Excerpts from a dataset
▼

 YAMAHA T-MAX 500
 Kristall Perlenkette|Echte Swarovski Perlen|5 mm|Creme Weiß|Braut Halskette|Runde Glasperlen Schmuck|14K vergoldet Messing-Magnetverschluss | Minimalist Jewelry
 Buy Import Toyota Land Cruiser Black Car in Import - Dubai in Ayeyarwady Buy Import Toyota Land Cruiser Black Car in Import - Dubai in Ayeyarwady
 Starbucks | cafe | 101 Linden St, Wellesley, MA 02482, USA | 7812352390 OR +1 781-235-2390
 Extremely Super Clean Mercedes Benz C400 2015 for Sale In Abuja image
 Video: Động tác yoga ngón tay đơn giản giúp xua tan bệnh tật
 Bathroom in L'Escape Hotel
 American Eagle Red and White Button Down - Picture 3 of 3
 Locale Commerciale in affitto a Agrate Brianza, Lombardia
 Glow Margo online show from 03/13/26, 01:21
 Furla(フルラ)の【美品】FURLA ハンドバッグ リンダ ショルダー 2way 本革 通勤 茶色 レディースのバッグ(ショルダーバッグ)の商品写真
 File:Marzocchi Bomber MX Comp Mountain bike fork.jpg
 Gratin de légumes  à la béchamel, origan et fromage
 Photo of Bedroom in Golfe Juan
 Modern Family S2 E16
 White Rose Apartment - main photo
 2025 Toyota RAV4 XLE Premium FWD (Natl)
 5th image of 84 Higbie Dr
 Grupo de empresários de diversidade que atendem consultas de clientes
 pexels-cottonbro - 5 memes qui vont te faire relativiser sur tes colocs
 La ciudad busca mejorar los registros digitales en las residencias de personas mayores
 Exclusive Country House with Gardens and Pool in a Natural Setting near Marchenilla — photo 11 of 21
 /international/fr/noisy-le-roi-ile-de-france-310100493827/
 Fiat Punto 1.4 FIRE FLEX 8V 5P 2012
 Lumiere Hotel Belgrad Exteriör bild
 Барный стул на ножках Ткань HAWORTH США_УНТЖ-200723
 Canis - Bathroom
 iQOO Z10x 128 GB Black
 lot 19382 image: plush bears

▲

▸ **Problem details**:
Find and copy every line in the entries above where the string "Bathroom" occurs.

▸ **Answer space**:
 Bathroom in L'Escape Hotel
 Canis - Bathroom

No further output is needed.